Exercise aim
Every line from the one with "Commercial Passenger Airplane" to the one with "She's From Buffalo", including those two, is to be copied exactly; all other lines of the entries below are left out.

Records to use
+--

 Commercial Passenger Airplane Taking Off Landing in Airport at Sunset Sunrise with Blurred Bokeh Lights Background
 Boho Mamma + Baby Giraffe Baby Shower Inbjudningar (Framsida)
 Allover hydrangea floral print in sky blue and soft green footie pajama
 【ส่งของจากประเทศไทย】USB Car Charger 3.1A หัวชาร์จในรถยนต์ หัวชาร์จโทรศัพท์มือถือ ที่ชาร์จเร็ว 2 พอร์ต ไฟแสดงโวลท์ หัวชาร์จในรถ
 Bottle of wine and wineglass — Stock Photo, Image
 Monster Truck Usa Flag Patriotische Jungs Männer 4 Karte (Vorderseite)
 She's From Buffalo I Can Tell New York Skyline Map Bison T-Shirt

+--

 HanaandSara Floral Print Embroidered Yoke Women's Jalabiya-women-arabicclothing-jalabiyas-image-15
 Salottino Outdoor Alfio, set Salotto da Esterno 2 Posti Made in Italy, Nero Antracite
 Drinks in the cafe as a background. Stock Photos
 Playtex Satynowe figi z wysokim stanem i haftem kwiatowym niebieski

+--

Answer to this task
 Commercial Passenger Airplane Taking Off Landing in Airport at Sunset Sunrise with Blurred Bokeh Lights Background
 Boho Mamma + Baby Giraffe Baby Shower Inbjudningar (Framsida)
 Allover hydrangea floral print in sky blue and soft green footie pajama
 【ส่งของจากประเทศไทย】USB Car Charger 3.1A หัวชาร์จในรถยนต์ หัวชาร์จโทรศัพท์มือถือ ที่ชาร์จเร็ว 2 พอร์ต ไฟแสดงโวลท์ หัวชาร์จในรถ
 Bottle of wine and wineglass — Stock Photo, Image
 Monster Truck Usa Flag Patriotische Jungs Männer 4 Karte (Vorderseite)
 She's From Buffalo I Can Tell New York Skyline Map Bison T-Shirt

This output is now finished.